Differential Privacy for Symbolic Systems with Application to Markov Chains

TL;DR

This paper introduces a novel differential privacy framework tailored for symbolic data and Markov chains, enabling privacy-preserving trajectory generation with proven accuracy bounds and efficient mechanisms.

Contribution

It develops new differential privacy mechanisms for symbolic sequences and Markov chains, extending privacy protections to non-numerical data types.

Findings

Efficient offline and online privacy mechanisms for symbolic data.

Accuracy bounds for privacy-preserving string and sequence generation.

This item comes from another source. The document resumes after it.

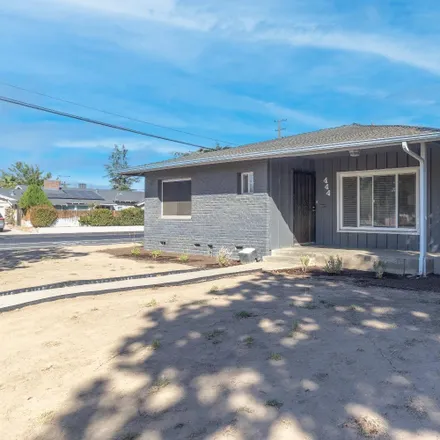 Buy this 3 bed house on 444 West Dayton Avenue in Fresno, CA 93705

Numerical validation demonstrating effectiveness on English words.

Abstract

Data-driven systems are gathering increasing amounts of data from users, and sensitive user data requires privacy protections. In some cases, the data gathered is non-numerical or symbolic, and conventional approaches to privacy, e.g., adding noise, do not apply, though such systems still require privacy protections. Accordingly, we present a novel differential privacy framework for protecting trajectories generated by symbolic systems. These trajectories can be represented as words or strings over a finite alphabet. We develop new differential privacy mechanisms that approximate a sensitive word using a random word that is likely to be near it. An offline mechanism is implemented efficiently using a Modified Hamming Distance Automaton to generate whole privatized output words over a finite time horizon. Then, an online mechanism is implemented by taking in a sensitive symbol and generating a randomized output symbol at each timestep. This work is extended to Markov chains to generate differentially private state sequences that a given Markov chain could have produced. Statistical accuracy bounds are developed to quantify the accuracy of these mechanisms, and numerical results validate the accuracy of these techniques for strings of English words.